Built on an AWS back-end, it was founded on what is dubbed the FAIR data principles: data that is findable, accessible, interoperable and reusable. “We are making it [data] available to everyone, not just people that have resources, not just individuals that are at the top universities or those that know how to code and all that, but to all businesses and people that can understand [that data] from different points of view,” explains Hall.
All the records that are part of the clinical registries are subject to the strictest security and privacy requirements. “Security is our number one concern that we account for in many ways,” says Hall. “We call this data governance – and it puts the control for data sharing in the hands of the custodian of the data.” When someone requests data, they need to fill out a form that is then emailed to the data custodian, who will then review this request before coming up with a decision. If the form is approved, the data is then moved into the private workspace of the data requester.
Despite these security protocols, Hall says that there is an ongoing resistance among people in academia and industry that still have the mindset that cloud security is not as good as on-premise – something that will take some time to change.
Precision medicine: predicting heart disease
The cloud-based platform also provides private workspaces where users can access and analyse data using AI-enabled tools. For example, by applying machine learning to angiograms, it is able to find out which patients need an urgent coronary stent. It can also repurpose three million MRI images to improve artery blockage and cardiovascular risk predictions.
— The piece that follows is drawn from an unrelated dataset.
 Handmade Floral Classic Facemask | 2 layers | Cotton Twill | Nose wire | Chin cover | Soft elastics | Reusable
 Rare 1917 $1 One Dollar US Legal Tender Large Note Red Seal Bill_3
The process time for analysing these images has been reduced from four hours to two minutes thanks to the platform, AHA says, and it costs a fraction of what traditional analysis techniques did.
The data collected in the platform also functions as a knowledge library that researchers can use to understand risk models for heart failure and stroke – findings that are then published and disseminated among the wider scientific community. The platform also incorporates other information, such as social and educational data, that can help doctors understand patients’ risk.
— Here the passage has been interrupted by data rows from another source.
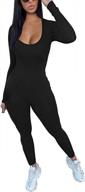 women's ribbed u neck bodycon jumpsuit long sleeve romper workout set logo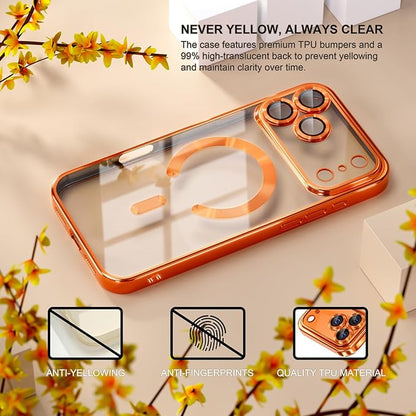 Misea Magnetic for iPhone 17 Pro Case Compatible with MagSafe [Never Yellowing] [Military Grade Drop Protection] Full Camera Lens Protector Plating Soft Clear Phone Case for Women, Cosmic Orange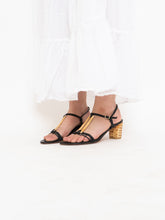 Load image into Gallery viewer, Vintage x STUART WEITZMAN x Black Leather &amp; Wicker Heels (8.5, 9)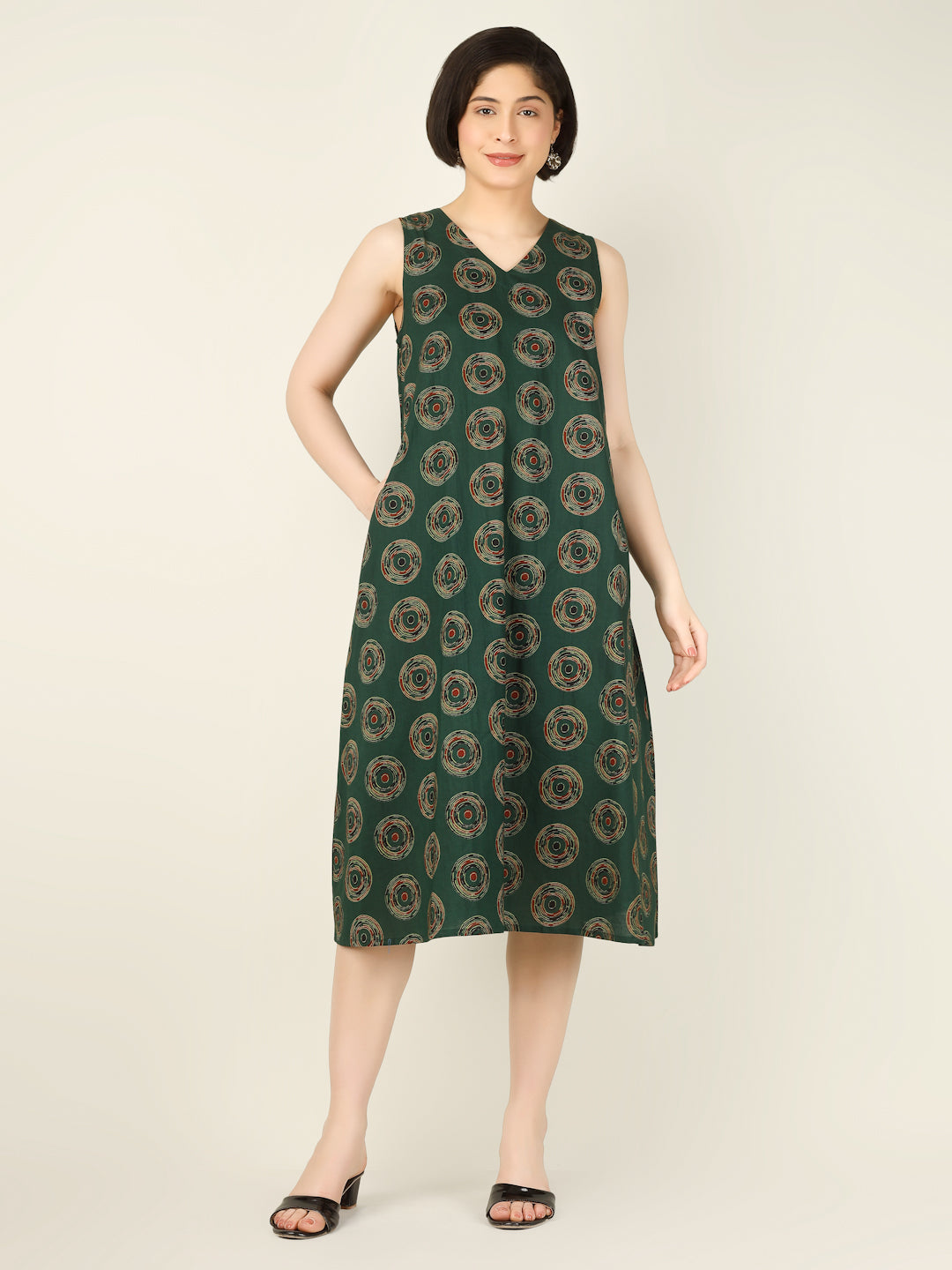 Dark Green Printed Sleeveless V-Neck A-Line Cotton Dress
“Today, our team makes it very easy to utilise these tools – state of the art sort of statistical analysis tools that you plug and play,” says Hall. “Essentially, we put the tools in the hands of the people that need it, and make it easy for the end user to look at all the data and make new conclusions about the data to improve patient lives.”
During the pandemic, Hall says that AHA also established a Covid-19 registry in less than a month, becoming one of the largest in the US with over 35,000 individual records. Through the Precision Medicine Platform, researchers and other stakeholders can access published data and disseminate new findings that have changed the way healthcare professionals envision the risk of Covid-19 and cardiovascular disease.
Last week, AHA’s Precision Medicine Platform entered an alliance with data management and analytics provider Hitachi Vantara to accelerate the platform and improve its accessibility for healthcare organisations. The company has funded over 90 data scientists and engineers to improve and maximise the platform’s tools.
“That’s what makes it so unique and special: to meet the needs of the healthcare sector, because these data scientists and engineers have been in that workspace,” Hall concludes. “They know what their clinicians need; they know what is needed.”